One of our readings this week was on Adolescents' motivation to read by Pitcher et al. These researchers surveyed and interviewed adolescent students to investigate their motivation to read what types of text and the influences affecting their motivation. One thing that stuck out to me was the influences Pitcher et al discovered to have the biggest impact. Some I thought were expected such as: reading material relevant to students, students being given a choice in what they read, and using different types of texts that students are already reading themselves (online material, magazines, etc). Some of the influences I had not already considered were teacher talk and modeling books and authors, teachers enthusiasm for reading and assignments, and modeling strategies for comprehension. These influences all make sense I just did explicitly consider them before. Modeling comprehension strategies I have read about as something teachers should do but it reinforces that idea to see it as a result of student interviews. As for the teacher enthusiasm I guess I figured all teachers should have this. Of course we are here for the students, but teachers should love their content areas too.

When I was browsing through the CCSS website one thing I thought was interesting was in the Algebra standards. It wanted teachers to use authentic math models for physical phenomena to teach algebra skills. This is really cool and all but the example it gave was V=IR. Very few students coming into high school physics have a good conceptual model for current, voltage, and resistance. Therefore, unless introduced and taught correctly I think teaching these topics too early or out of context can be harmful to students. This is also reflected in statement by Steve Robinson (reading not assigned in this class).

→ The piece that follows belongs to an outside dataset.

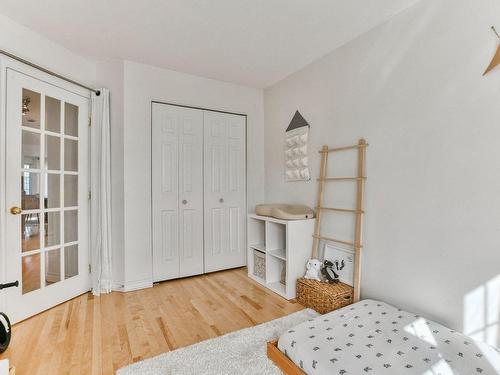 Chambre Ã Â coucher - 302-222 Rue Larivière, Laval (Sainte-Dorothée), QC - Indoor Photo Showing Bedroom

"Of course, knowing the subject matter is also important, and teachers who lack that knowledge can do serious harm. I would even go so far as to say that many of my students would be better off if they never had a science teacher before me because they have to unlearn so many bad things from elementary school teachers who were
afraid of science."

Text Set

E=mc^2: A Biography of the World’s Most Famous Equation by David Bodanis

Reading Level: upper high school

In this book, David Bodanis uncovers the history behind the world’s most famous equation. Bodanis goes through the historical context of each symbol and variable in the equation. Most people recognize and can recite this equation but few of them know what it means or the years of scientific knowledge advancements which led to this final formulation.

I chose this text because it is a narrative about science rather than just the finalized formulation that we use today.

The Physics Classroom: Energy, Work, and Power

http://www.physicsclassroom.com/Class/energy/u5l1b.cfm

Reading level: high school

This webpage gives some basic definitions and examples of Types of Energy, Work, and Power. It is also available as an iBook so students can download and use even without internet access. Part of the reason I chose this page is because it has practice problems with a ‘see answer’ button so students can check their own understanding.

Momentum, Work, and Energy

http://galileoandeinstein.physics.virginia.edu/lectures/momentum.html

Reading level: intended for lower level college, could be used in high school (no calculus)

This is a written lecture in physics. It covers momentum, work, and energy but only includes a few basic equations. Rather than focusing on example ‘problems’ it illustrates the conceptual side of our topic. It also has a few conceptual questions for the reader at the end. The reason I chose this text was because it also addresses the topic using everyday life experiences. It can also help students gain an introduction to the topic without being bogged down by the math involved later on.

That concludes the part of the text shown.